══ EXERCISE DATA

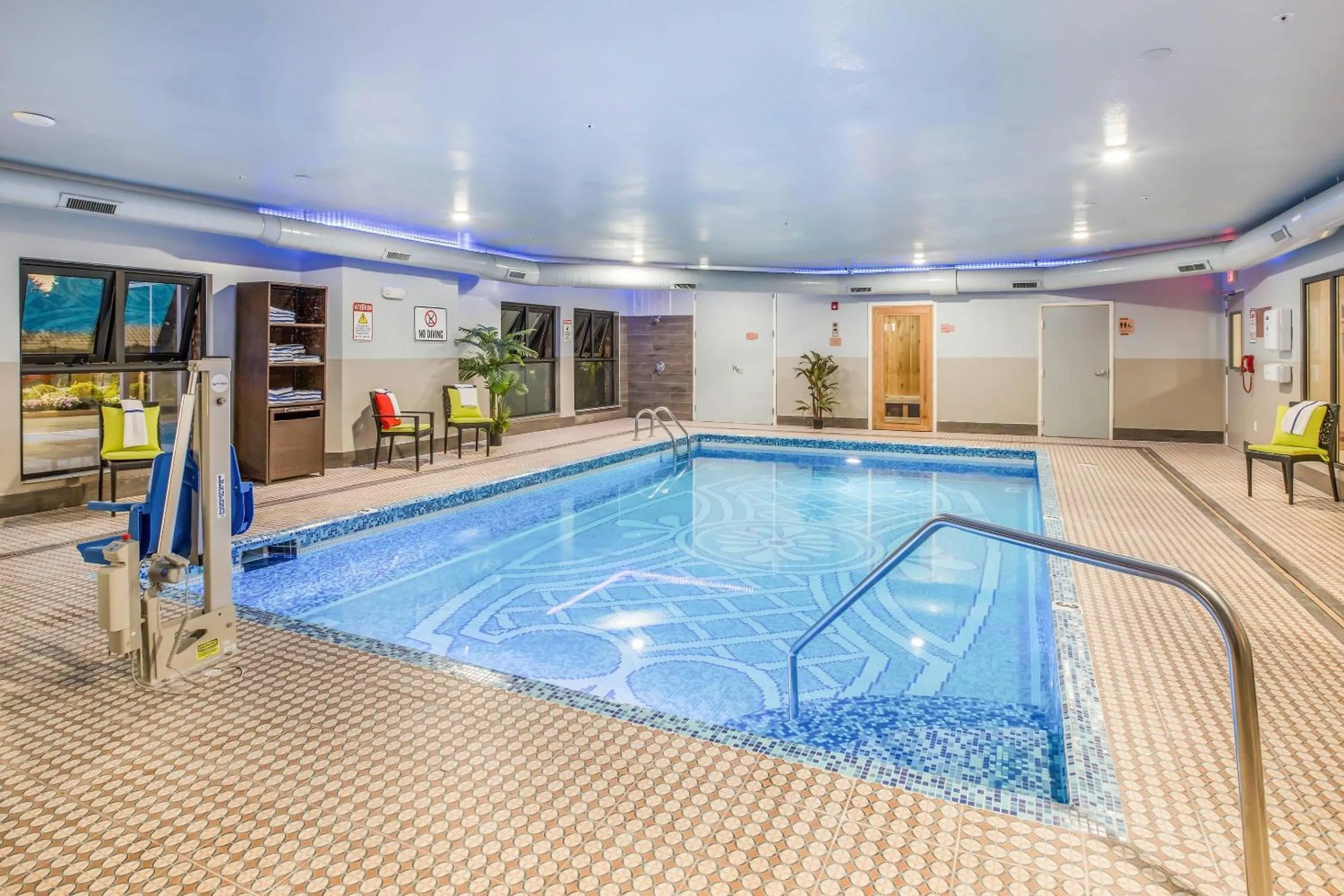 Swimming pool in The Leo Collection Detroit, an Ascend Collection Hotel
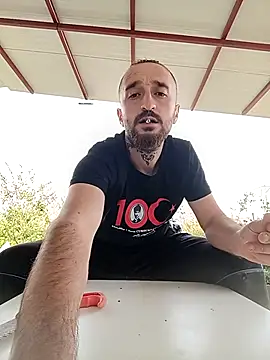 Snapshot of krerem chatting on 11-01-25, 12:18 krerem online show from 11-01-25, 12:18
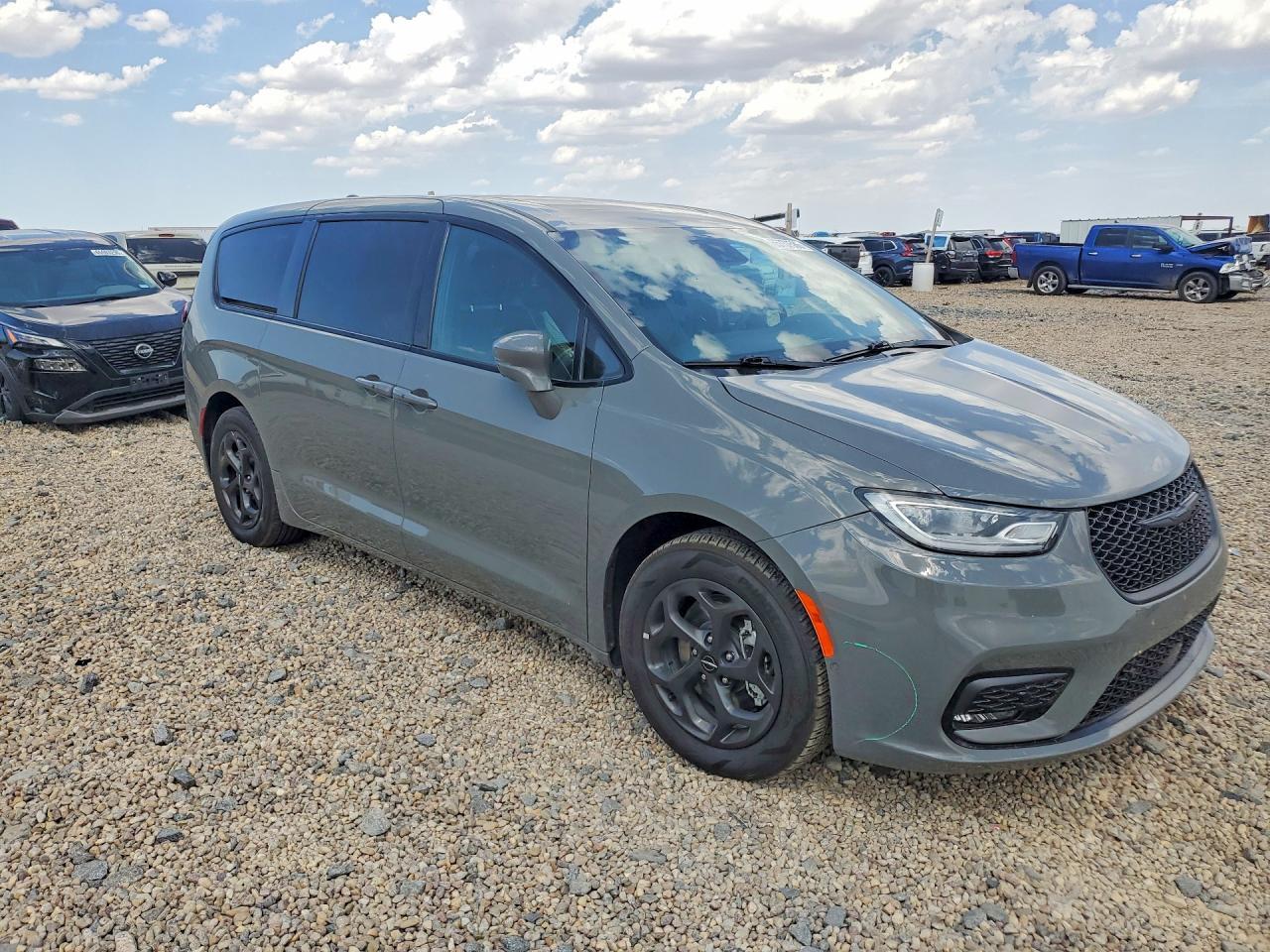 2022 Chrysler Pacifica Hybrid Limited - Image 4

════

## TASK GOAL
Each line from the line containing "Snapshot of krerem" through the final line of the data above must be retyped exactly; nothing else, and no pictures, may appear.

## RESULT FOR THIS EXERCISE
 Snapshot of krerem chatting on 11-01-25, 12:18 krerem online show from 11-01-25, 12:18
 2022 Chrysler Pacifica Hybrid Limited - Image 4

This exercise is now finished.